Web page caption snippets
____

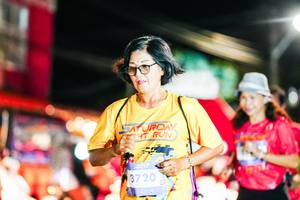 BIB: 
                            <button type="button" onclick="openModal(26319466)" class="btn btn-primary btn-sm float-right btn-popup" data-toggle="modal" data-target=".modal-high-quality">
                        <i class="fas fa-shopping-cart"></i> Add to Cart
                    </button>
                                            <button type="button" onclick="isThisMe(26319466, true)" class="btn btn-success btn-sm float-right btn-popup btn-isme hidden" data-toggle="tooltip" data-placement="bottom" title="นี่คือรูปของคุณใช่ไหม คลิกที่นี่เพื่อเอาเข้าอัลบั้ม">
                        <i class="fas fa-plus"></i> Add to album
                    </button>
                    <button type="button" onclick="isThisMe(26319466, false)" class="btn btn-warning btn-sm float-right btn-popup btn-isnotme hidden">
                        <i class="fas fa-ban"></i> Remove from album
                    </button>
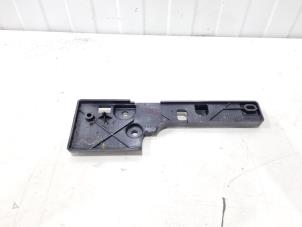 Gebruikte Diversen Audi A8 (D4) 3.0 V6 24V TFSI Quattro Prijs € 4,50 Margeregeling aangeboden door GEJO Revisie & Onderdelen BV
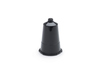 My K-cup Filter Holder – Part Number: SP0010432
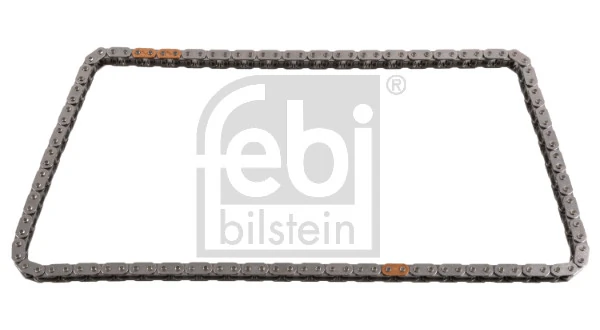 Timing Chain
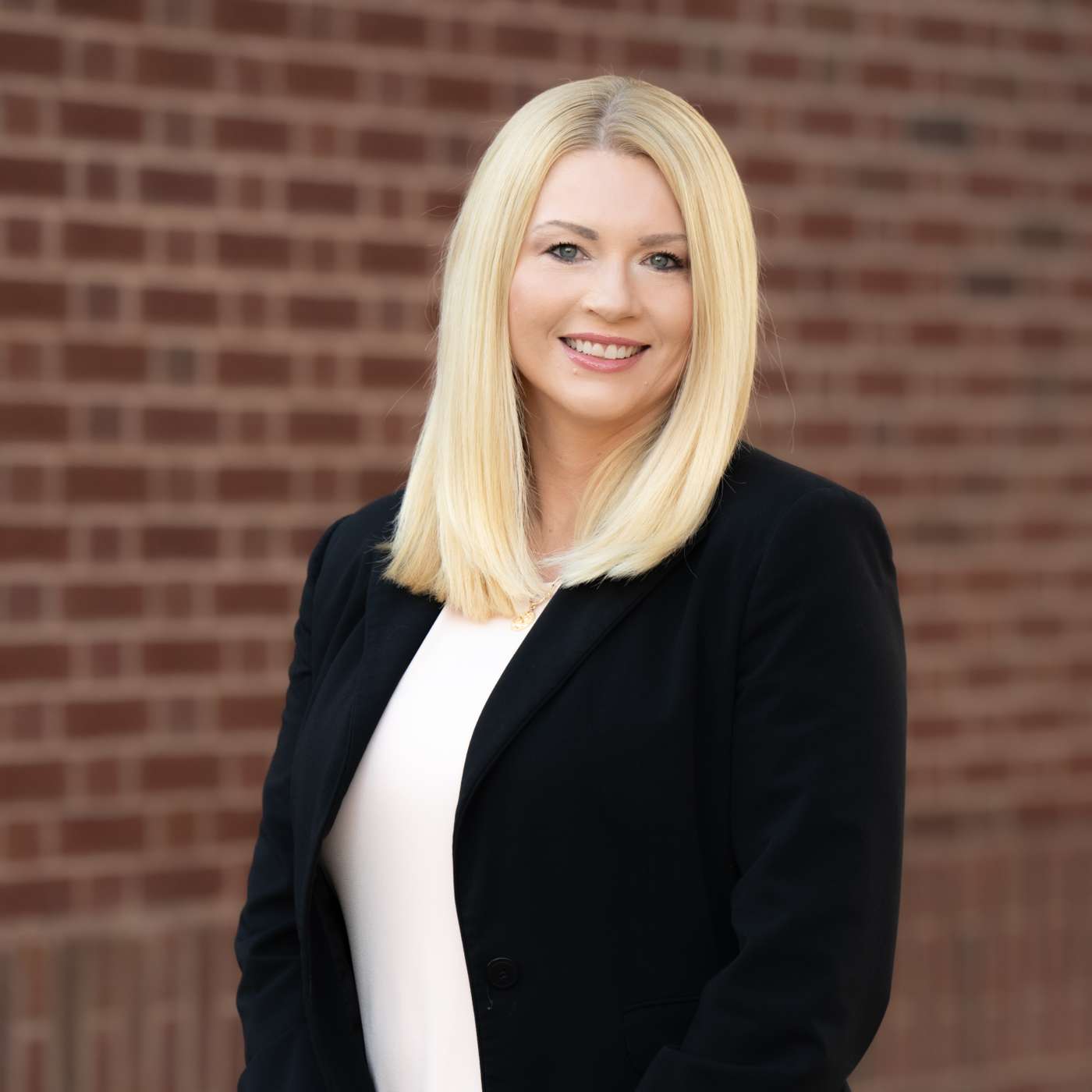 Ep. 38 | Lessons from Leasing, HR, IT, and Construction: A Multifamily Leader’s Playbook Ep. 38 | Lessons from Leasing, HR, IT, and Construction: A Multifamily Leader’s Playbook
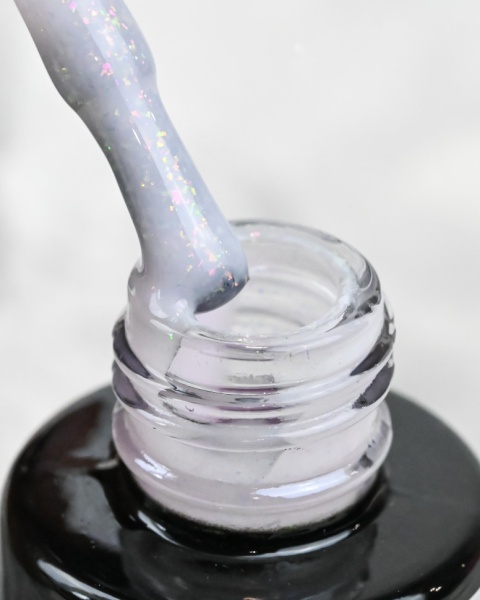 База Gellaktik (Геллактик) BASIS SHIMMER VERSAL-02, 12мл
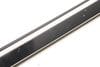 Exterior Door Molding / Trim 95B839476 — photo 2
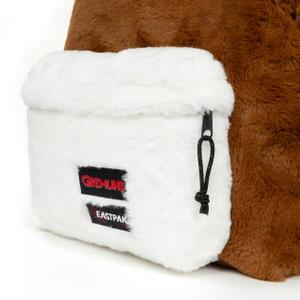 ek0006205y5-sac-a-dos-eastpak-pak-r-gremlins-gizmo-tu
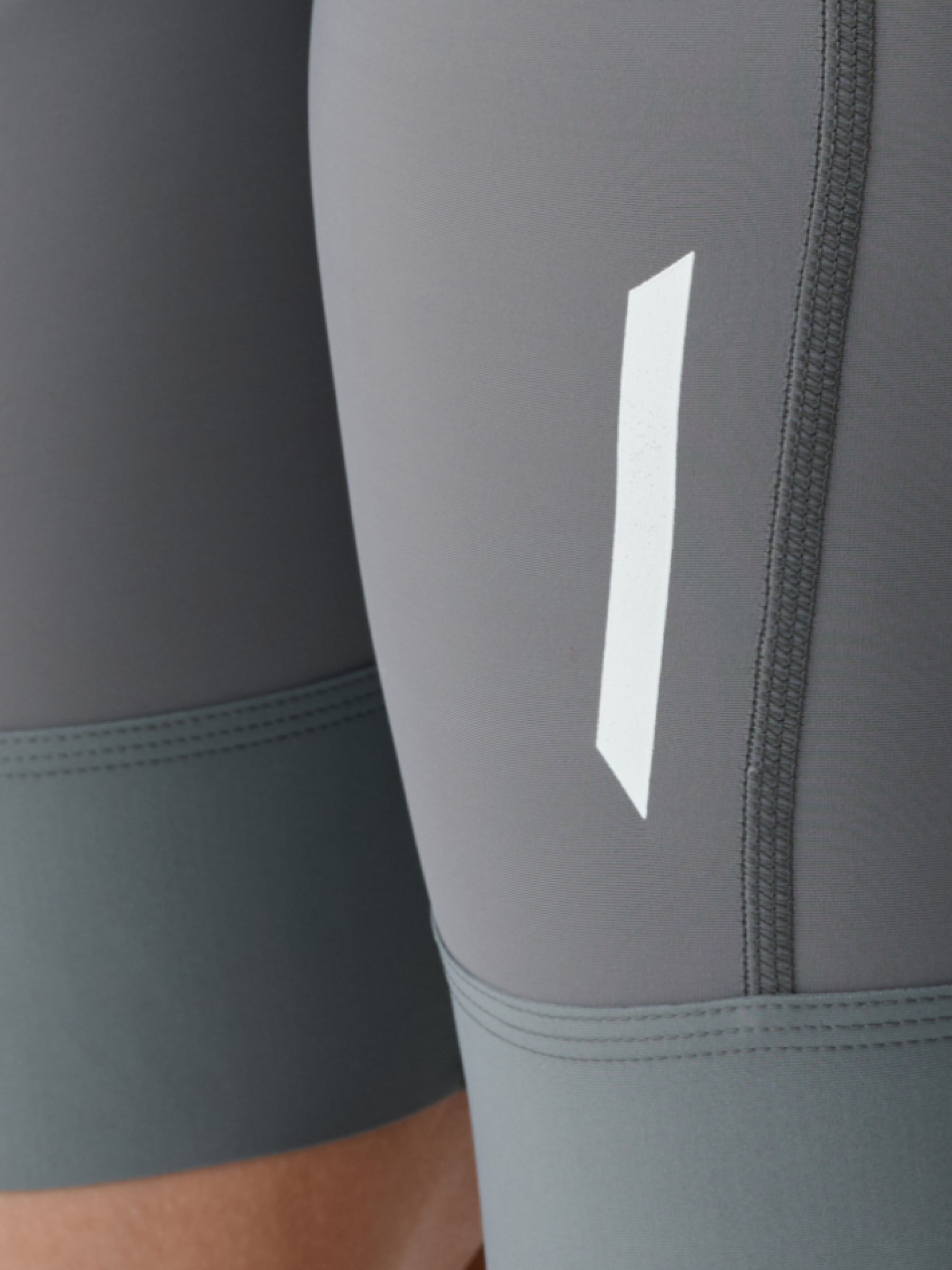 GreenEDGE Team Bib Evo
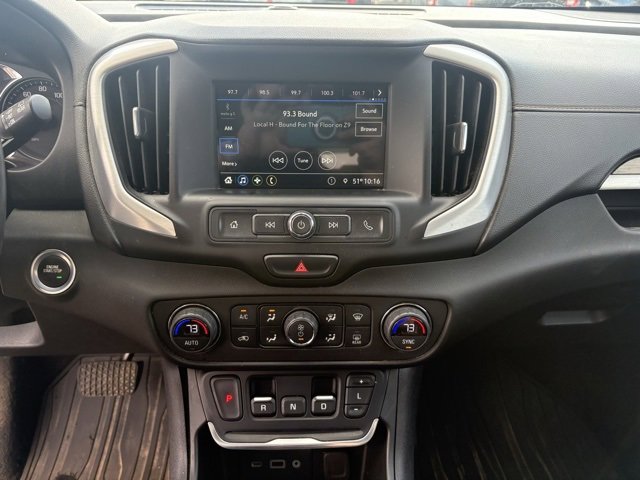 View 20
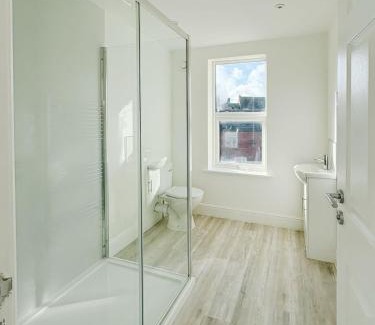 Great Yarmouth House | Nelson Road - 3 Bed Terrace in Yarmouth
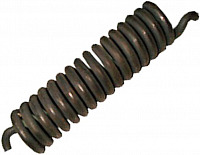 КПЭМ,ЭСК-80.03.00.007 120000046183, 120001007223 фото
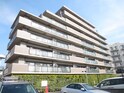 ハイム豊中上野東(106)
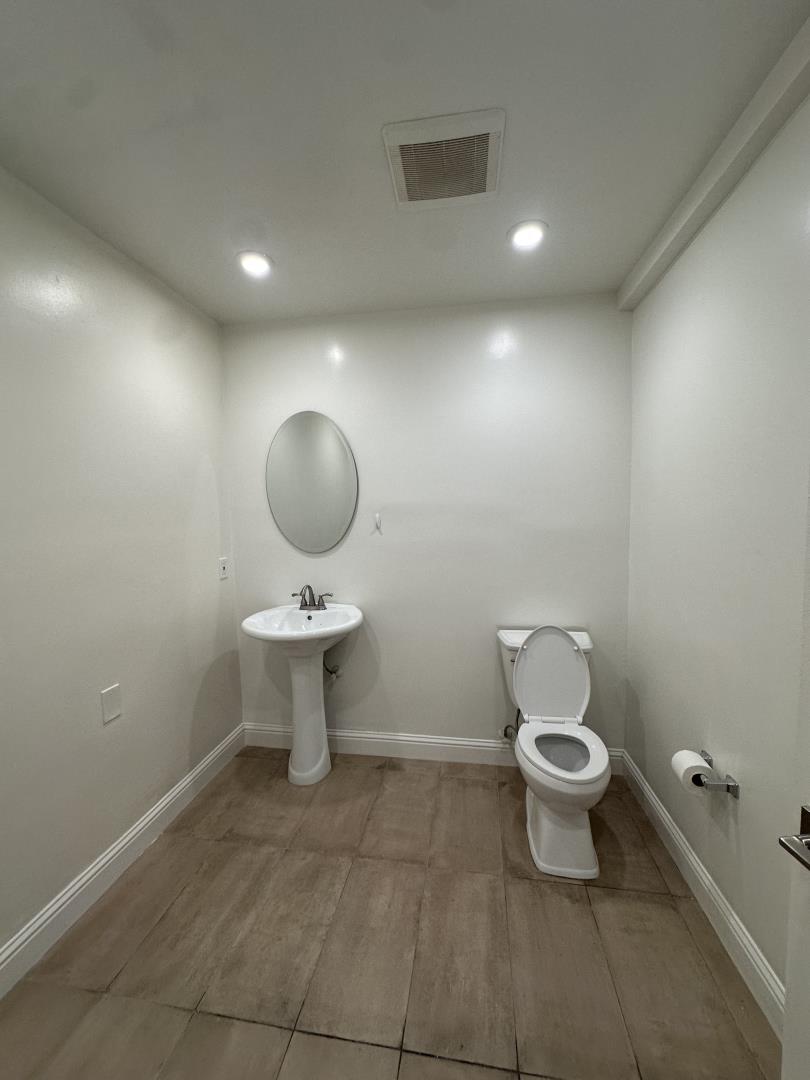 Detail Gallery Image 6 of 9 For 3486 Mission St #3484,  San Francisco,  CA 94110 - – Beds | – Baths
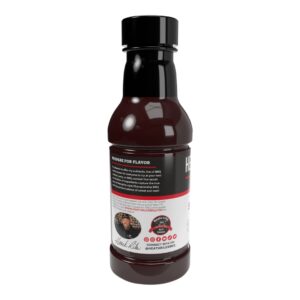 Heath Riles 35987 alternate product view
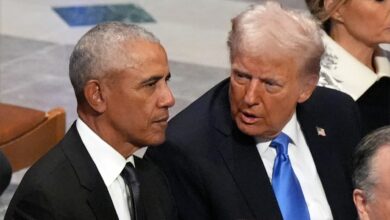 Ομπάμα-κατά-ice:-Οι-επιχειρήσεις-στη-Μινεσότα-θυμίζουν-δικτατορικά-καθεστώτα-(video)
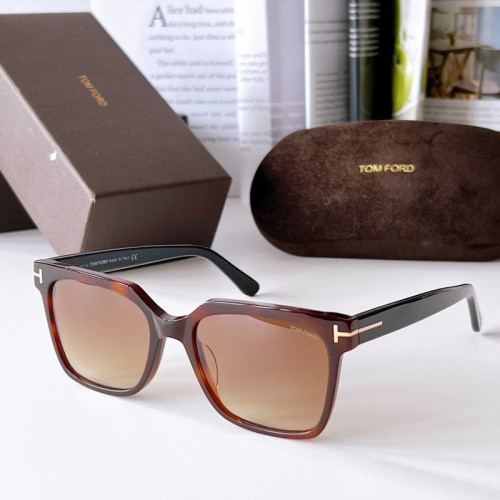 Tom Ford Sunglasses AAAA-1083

____

▸ **DIRECTIONS**: Begin at the line above that has "btn-primary btn-sm float-right" and stop after the line that has "btn-success btn-sm float-right", copying each line exactly and adding nothing else.

▸ **WRITTEN ANSWER**:
                            <button type="button" onclick="openModal(26319466)" class="btn btn-primary btn-sm float-right btn-popup" data-toggle="modal" data-target=".modal-high-quality">
                        <i class="fas fa-shopping-cart"></i> Add to Cart
                    </button>
                                            <button type="button" onclick="isThisMe(26319466, true)" class="btn btn-success btn-sm float-right btn-popup btn-isme hidden" data-toggle="tooltip" data-placement="bottom" title="นี่คือรูปของคุณใช่ไหม คลิกที่นี่เพื่อเอาเข้าอัลบั้ม">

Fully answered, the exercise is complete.